### ENTRIES PROVIDED
=== Section Start ===
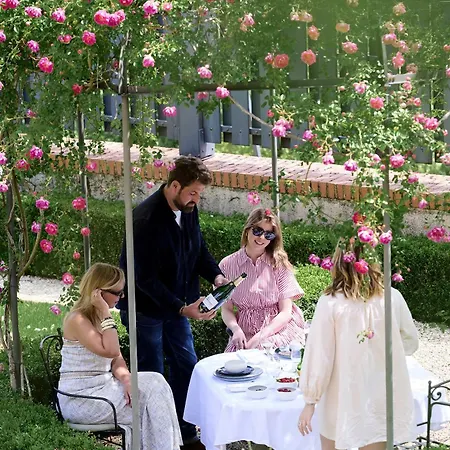 Domaine Du Nocleg ze śniadaniem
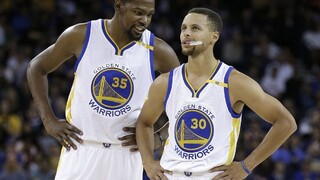 NBA: Zraneného Curryho zastúpil Durant, Boston s istotou play-off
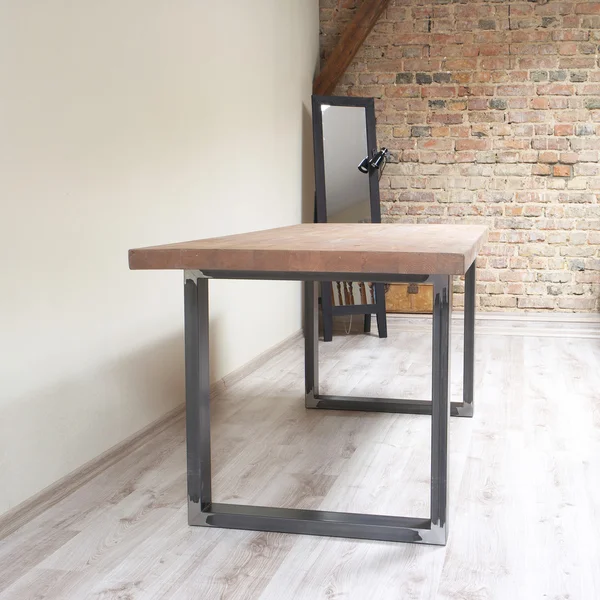 Table en bois moderne dans l'intérieur du loft — Photo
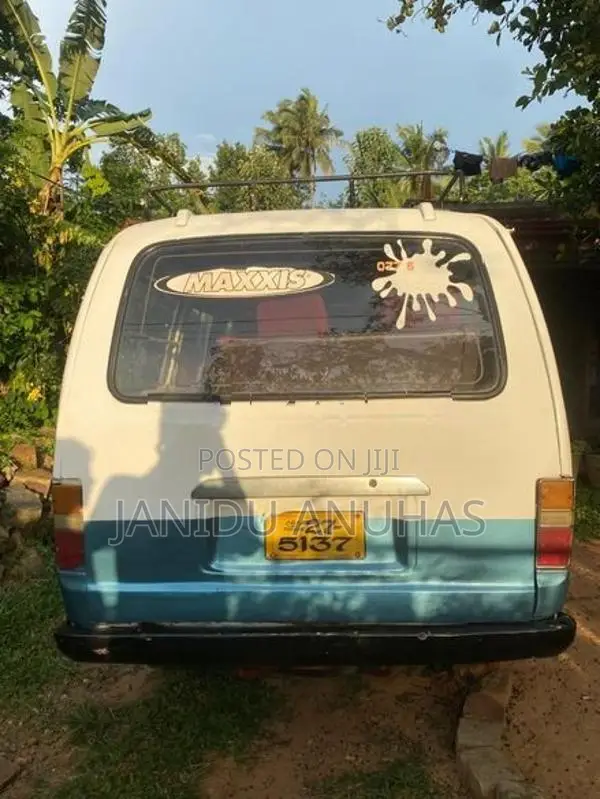 Toyota LH30 1983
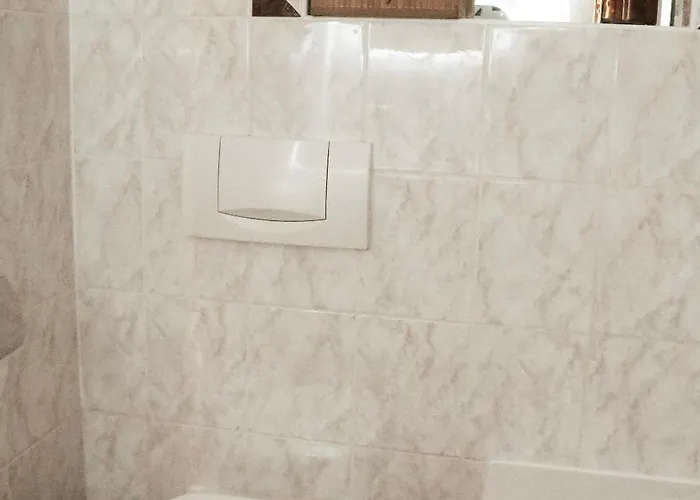 Apartment Cozy And Charming Near Centre With 2 Bathrooms *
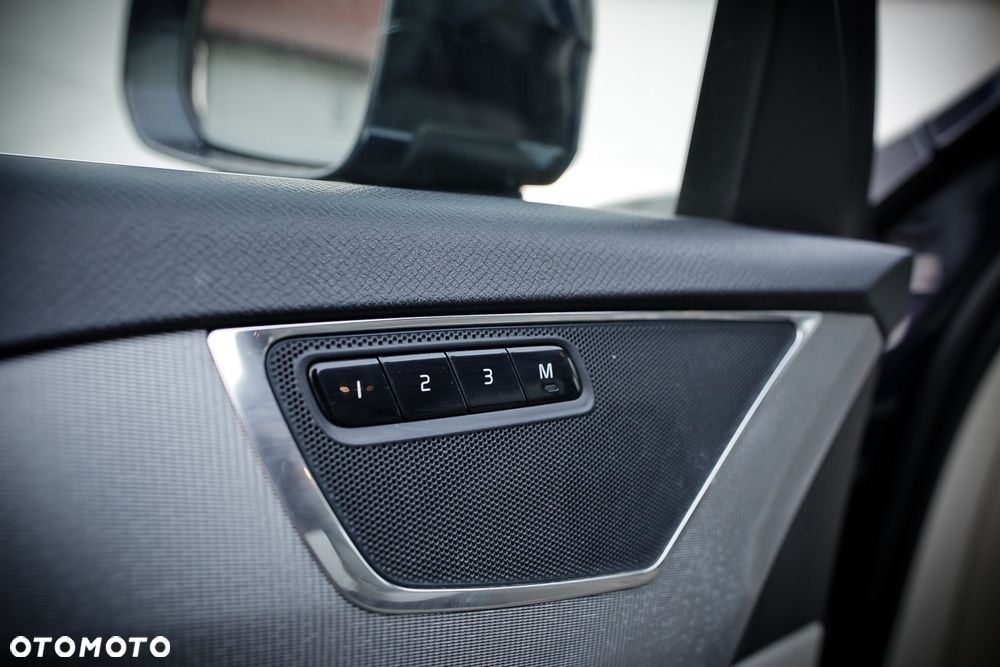 Volvo XC 90 D5 AWD Inscription 7os - 34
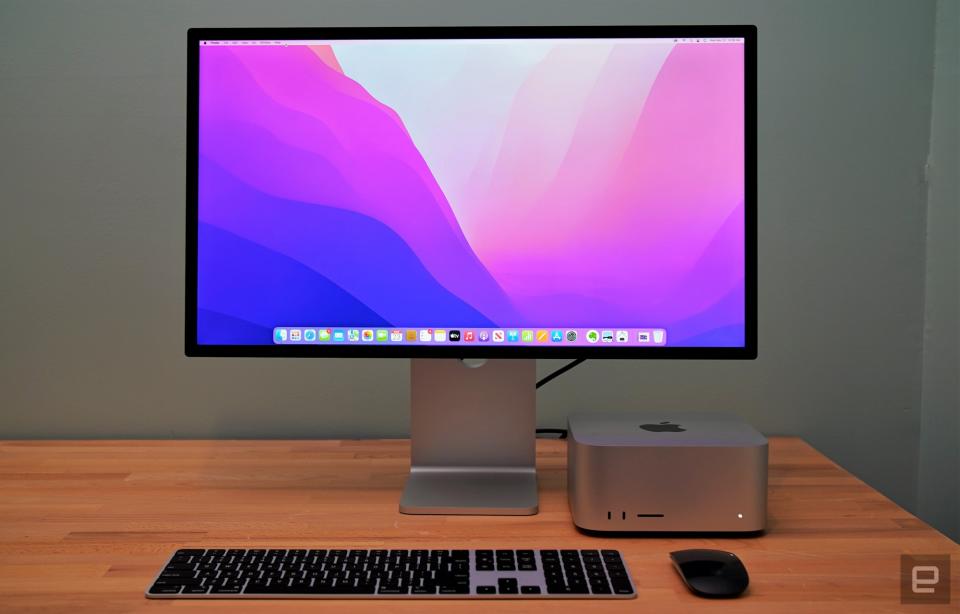 <p>Apple Studio Display</p>
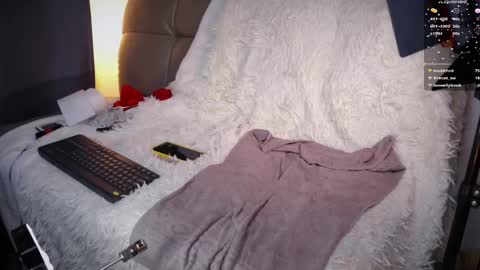 Snapshot of aestetic_boyy chatting on November 2025 05:28:02 PM Fred and Dilan online show from November 2025 05:28:02 PM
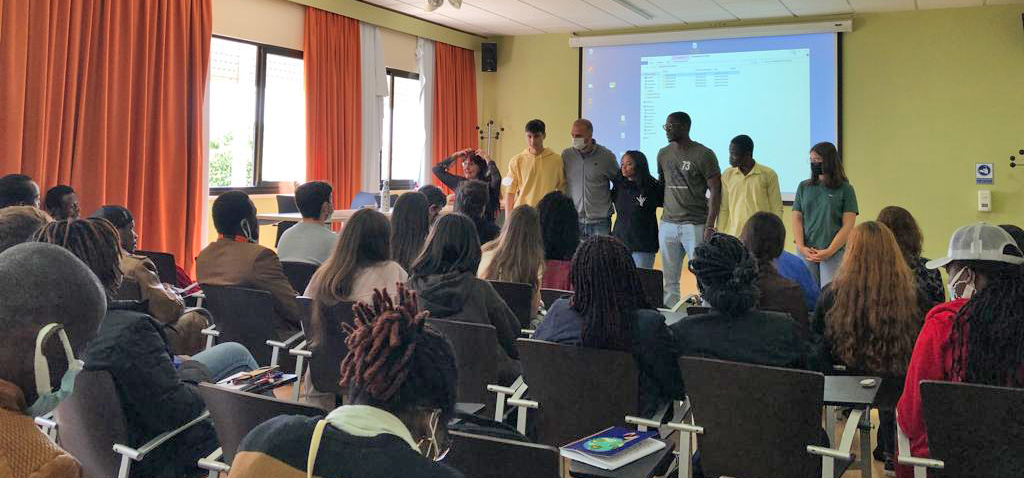 Estudiantes de la UCA participan en la Jornada de Educación Feminista en el Campus de Puerto Real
=== Section End ===
### TASK
From the line containing "<p>Apple Studio Display</p>" down to the end of the listing above, every line is to be returned exactly, though the pictures are not.

### TASK ANSWER
 <p>Apple Studio Display</p>
 Snapshot of aestetic_boyy chatting on November 2025 05:28:02 PM Fred and Dilan online show from November 2025 05:28:02 PM
 Estudiantes de la UCA participan en la Jornada de Educación Feminista en el Campus de Puerto Real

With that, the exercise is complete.